I have always been one to get a new rod, cut off the guides and re thread to my liking. But this time im starting from scratch and going through the whole process in building a rod. Im building an 8' king rod for my Mitchell 402. I already have the thread. This is the blank im using http://www.mudhole.com/Rod-Building/Gator-Glass_2/U696L . I was wondering about the grips, reel seat, and guides. I want a split cork grip, and was wondering how i know what size cork to get if all i know is the OD of my blank. Or does it not matter, can i just cram the cork down the blank with the help of some lube. Same question with the reel seat.
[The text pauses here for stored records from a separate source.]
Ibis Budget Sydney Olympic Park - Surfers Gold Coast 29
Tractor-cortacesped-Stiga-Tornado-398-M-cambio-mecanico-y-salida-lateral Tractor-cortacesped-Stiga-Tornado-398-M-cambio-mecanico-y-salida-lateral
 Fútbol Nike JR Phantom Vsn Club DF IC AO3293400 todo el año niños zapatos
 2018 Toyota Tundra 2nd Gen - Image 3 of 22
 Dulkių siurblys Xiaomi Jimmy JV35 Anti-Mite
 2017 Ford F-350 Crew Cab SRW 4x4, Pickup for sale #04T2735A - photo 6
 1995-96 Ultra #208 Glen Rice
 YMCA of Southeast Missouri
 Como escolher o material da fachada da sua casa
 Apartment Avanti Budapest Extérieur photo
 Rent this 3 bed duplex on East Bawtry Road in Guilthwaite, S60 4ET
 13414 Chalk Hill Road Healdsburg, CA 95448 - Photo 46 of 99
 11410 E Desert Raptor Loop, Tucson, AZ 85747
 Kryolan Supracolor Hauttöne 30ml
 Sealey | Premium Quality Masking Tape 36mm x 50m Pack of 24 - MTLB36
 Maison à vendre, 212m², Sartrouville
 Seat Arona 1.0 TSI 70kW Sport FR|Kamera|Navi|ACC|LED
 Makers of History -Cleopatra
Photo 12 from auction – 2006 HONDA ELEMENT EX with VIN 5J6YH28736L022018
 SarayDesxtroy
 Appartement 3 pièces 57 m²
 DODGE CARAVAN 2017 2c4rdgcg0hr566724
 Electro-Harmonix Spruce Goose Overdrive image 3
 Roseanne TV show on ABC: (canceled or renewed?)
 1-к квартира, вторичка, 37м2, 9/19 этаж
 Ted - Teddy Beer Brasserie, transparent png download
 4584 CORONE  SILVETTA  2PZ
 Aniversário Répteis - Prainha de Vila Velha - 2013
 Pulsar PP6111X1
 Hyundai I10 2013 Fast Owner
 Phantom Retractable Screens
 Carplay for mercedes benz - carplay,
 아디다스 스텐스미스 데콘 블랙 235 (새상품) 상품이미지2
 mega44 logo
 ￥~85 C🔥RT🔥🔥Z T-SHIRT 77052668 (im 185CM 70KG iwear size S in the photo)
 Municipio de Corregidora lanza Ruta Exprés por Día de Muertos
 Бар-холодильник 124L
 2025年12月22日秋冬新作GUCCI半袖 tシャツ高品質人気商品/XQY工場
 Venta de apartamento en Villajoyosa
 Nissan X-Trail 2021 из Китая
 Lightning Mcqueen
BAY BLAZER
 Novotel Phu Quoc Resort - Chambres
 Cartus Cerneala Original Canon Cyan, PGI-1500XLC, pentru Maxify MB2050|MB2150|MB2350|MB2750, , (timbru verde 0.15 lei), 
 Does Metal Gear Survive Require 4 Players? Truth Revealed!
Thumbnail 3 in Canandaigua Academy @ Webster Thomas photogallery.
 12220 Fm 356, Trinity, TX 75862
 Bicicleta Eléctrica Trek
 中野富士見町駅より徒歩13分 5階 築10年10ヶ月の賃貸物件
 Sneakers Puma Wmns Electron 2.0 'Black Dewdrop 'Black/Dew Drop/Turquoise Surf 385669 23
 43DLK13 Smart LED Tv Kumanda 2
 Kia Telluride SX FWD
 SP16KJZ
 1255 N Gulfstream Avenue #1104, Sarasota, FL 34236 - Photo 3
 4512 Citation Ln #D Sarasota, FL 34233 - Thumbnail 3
As for the guides im looking to get the typical iron guides used on most king/cobia rods, but i am unsure on the sizes to get because i cant see them in person, seeing as i am ordering off of mudhole. Any help will be greatly appreciated. Thanks!

-Fitz


----------



## BIGRIGZ (Oct 2, 2007)

I'm glad to see you build a rod! good job, I'm sure someone can give you some relative size numbers for the guides...


----------



## D3cept1on (Apr 23, 2010)

you need a reamer for the cork.http://www.mudhole.com/Rod-Building/Reamers-and-Abrasives/Extreme-Reamer i hace this set and it works great


----------



## D3cept1on (Apr 23, 2010)

wheni do 8 foot rods i use 9 guides starting with a 60mm 50mm 40mm 30mm 25mm 20mm 16mm 12mm 10mm. guide spacing in the trick


----------



## Fitz (Apr 26, 2013)

I have my brothers king rod to look at to get an idea about spacing of the guides. He also has a 8 footer. Thank yall so much. Ill check it out.


----------



## timeflies (Oct 3, 2007)

Don't space your guides based on another rod. You are building this rod custom for _you_ right? Try this: Mount the reel on the rod, then tape the guides on. Thread the line through the guides, and tie to a door handle. Put pressure on the rod like you are fighting a fish. As you "reel down", look at how the line interacts with the guides. You want it to barely touch the guide all the way around. If this sounds confusing, it is because it is hard to explain but really easy to demonstrate. Try it and look at them and you will say "ah ha!". adjust the guides up and down until you get out all the "flat spots".


----------



## Fitz (Apr 26, 2013)

That makes total sense. Out of town for another 4 days. Going to order the pieces when i get home. Pictures will be posted when finished. Thanks you two again.


----------